Ce sont des formes qui résistent toujours à un traitement par statines seules. La prise en charge passe par l’hygiène de vie, l’association de médicaments statines/ézétimibe ou encore lomitapide ou mipomersen, mais cela n’est pas assez efficace. Les inhibiteurs de la PCSK9 peuvent aussi être prescrits. Si ces stratégies ne permettent pas de faire suffisamment baisser le cholestérol, il faut alors faire pratiquer une LDL aphérèse, c’est-à-dire une épuration du sang pour éliminer l’excès de cholestérol grâce à une technique similaire à la dialyse rénale.

 

TLM : Quels sont les mécanismes génétiques en cause dans ces maladies monogéniques ?

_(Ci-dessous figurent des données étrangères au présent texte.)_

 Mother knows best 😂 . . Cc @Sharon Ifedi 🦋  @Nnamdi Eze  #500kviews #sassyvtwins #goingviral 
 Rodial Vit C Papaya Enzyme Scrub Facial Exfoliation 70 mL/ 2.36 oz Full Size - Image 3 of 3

Pr Catherine Boileau : Dans ces maladies, le gène muté est le plus souvent celui qui code pour les récepteurs aux LDL permettant l’entrée du cholestérol dans la cellule. La mutation entraîne soit une baisse du nombre de récepteurs au LDL, soit des anomalies de ces récepteurs qui sont présents mais incapables de remplir leur fonction. Plus rarement, la maladie est due à des mutations présentes sur d’autres gènes... Le taux de cholestérol considéré comme normal varie selon l’âge et le sexe, mais les patients concernés par la forme monogénique présentent des valeurs dépassant nettement les seuils des valeurs normales. Quand, dans un bilan lipidique, le LDLcholestérol seul est supérieur à 1,9g/l chez l’adulte ou chez l’enfant à 1,6 g/l, il s’agit sans doute d’une hypercholestérolémie familiale.

 

TLM : Quelles sont les autres perspectives thérapeutiques pour lutter contre les hypercholestérolémies résistantes ?

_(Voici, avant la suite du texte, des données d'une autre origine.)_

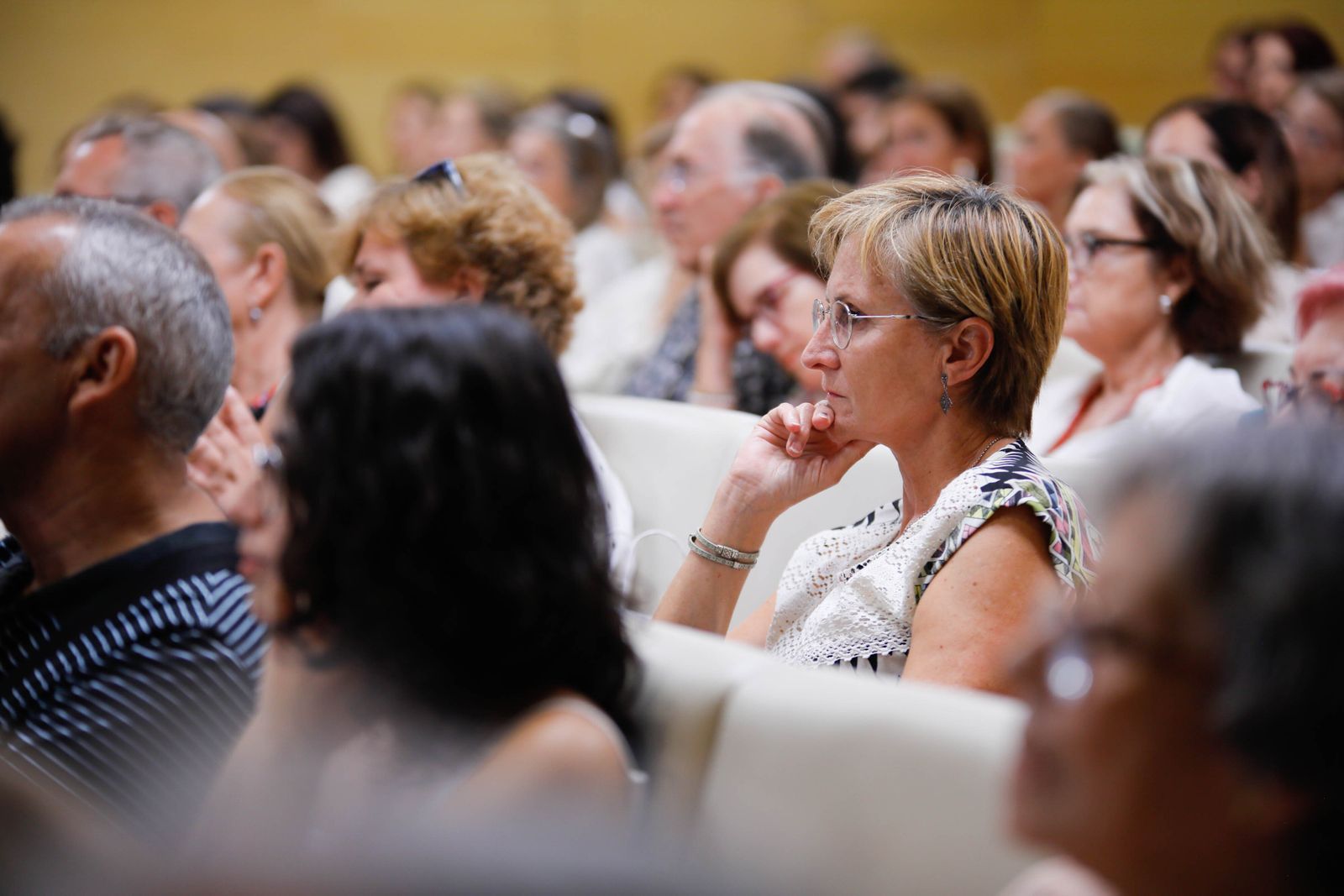 Imágenes de Diario de los Libros, con Julia Navarro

Pr Catherine Boileau : On assiste actuellement à une recherche foisonnante pour mettre au point de nouveaux médicaments anti-cholestérol. Les recherches les plus spectaculaires sont des travaux en génétique avec la technique CRISPR/Cas 9 pour corriger/réparer les gènes anormaux dans les formes d’hypercholestérolémies familiales homozygotes. De mon point de vue, actuellement, le plus important reste la prévention : mettre en place un dépistage systématique des hypercholestérolémies monogéniques dans les premières années de vie. Cela ne coûterait pas très cher et éviterait bien des souffrances et des dépenses de santé. Ces maladies monogéniques sont d’autant plus mal diagnostiquées que les campagnes de prévention à l’université, lors du service militaire, ont disparu de la santé publique et que l’hypercholestérolémie familiale est mal connue dans le monde médical. Le message concernant le dépistage doit être entendu.

Ce message est aussi porté par l’association de familles HF appelée ANHET (www.anhet.fr).